There is an alternative to boxing values. While boxing an object is very much in the style of Java, Rust is not eager to use much heap. After all, keeping track of the heap is comparatively slow and complex. Sometimes the reason to return a trait is merely to hide information. Frequently, developers do not want to change the type depending on some parameters, but instead just not expose such an implementation detail. Occasionally the type may also be hard to name, or have no name that can be written down.

1fn return_impl() -> impl AsRef<str>  {
2    return "Hello World"
3}

This looks very neat and tidy. It does not expose the implementation type, but instead just says “I return something that you can use as the trait”, without going into detail about what that something is. Beneath the metaphorical hood, though – the compiler knows. It knows and can optimize for the actual type, up to and including not doing a dynamic call at all.

Generally speaking: Generics

Pretty much all Java developers know at least the basics of generics: They are what makes Collection et. al. work in a sensible fashion.
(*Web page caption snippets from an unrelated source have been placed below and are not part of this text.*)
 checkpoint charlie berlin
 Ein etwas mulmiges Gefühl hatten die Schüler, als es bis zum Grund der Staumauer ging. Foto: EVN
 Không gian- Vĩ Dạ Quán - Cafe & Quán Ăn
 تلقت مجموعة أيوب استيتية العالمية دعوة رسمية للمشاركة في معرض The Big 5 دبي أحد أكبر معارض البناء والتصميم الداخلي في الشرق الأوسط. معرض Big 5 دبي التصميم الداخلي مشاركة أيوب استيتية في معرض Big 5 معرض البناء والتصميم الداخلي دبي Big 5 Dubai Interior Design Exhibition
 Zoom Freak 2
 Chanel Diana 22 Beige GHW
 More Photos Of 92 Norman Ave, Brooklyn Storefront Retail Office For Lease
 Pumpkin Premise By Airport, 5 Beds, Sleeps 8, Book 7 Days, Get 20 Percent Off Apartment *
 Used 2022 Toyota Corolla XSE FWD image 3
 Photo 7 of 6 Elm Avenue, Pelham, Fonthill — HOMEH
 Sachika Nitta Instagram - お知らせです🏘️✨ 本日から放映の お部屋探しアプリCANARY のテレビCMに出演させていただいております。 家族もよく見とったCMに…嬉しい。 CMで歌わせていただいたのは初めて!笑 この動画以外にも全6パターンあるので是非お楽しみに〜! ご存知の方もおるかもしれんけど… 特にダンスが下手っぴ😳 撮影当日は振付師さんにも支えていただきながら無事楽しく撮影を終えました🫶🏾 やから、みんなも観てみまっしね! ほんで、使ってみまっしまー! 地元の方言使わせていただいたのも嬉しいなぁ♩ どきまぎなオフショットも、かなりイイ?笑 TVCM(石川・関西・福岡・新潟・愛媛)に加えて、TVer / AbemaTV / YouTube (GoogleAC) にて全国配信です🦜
Without generics (and pre-Java 5), all these types operated solely on objects. Under the hood, they still do this by removing all generic types and replacing them with the “upper bound”. Rust does not have a common supertype like Object, but still has generic types (you have seen a few of them in this article already).

Since Rust does not have a “common supertype”, it stands to reason that its approach must be different. And indeed, it is. Where Java creates the same code for all potential type parameters, Rust instead emits special code for each actual type parameter combination.

You can define constraints on type parameters in Java – and Rust works the same way. Where in Java, the syntax is T extends S, Rust has a somewhat less wordy alternative: T: S. Remember there is no way to “extend a struct” in Rust, so only traits can constrain a type. Multiple traits can be demanded by simply specifying Trait1 + Trait2, much like the Java Interface1 & Interface2 notation. However, since Rust traits are frequently much narrower than Java interfaces tend to be, you will encounter the plus-notation a lot more often.

Alternatives to dynamic dispatch

1fn wrap<A>(param: A) -> Vec<A> {
2    let mut v = Vec::new();
3    v.push(param);
4    v
5}
6
7fn add_three<A: Add>(one: A, two: A, three: A) -> A {
8    one.add(two).add(three)
9}
10
11fn example() {
12    wrap("Hello World"); // calls wrap<&str>
13    wrap(999); // calls wrap<i32>
14
15    add_three(10, 20, 30); // calls add_three<i32>
16    add_three(0.5, 0.9, 38.4); // calls add_three<f64>
17}

The above snippet illustrates this pattern. We have two functions that take parameters of a number of types, and operate on them. However, the second example is actually interesting: We do use the plus operation of the Add trait. Yet, the code contains no dyn.

This is due to the difference in strategy mentioned before. When our add_three function is called, the compiler actually creates a different function for each A – and may even decide to inline some or all of these calls. For our example with 32-bit integers, there is no need to even call any functions at all to add them. The compiler can emit extremely high-performance machine code.

1.add_three:
2lea    (%rdi,%rsi,1),%eax
3add    %edx,%eax
4retq

Associated types vs. generics

Generics are a well-known concept to Java developers, and that concept translates well to Rust. There is a key difference, though: Java does not support implementing the same generic interface twice – even with different type parameters.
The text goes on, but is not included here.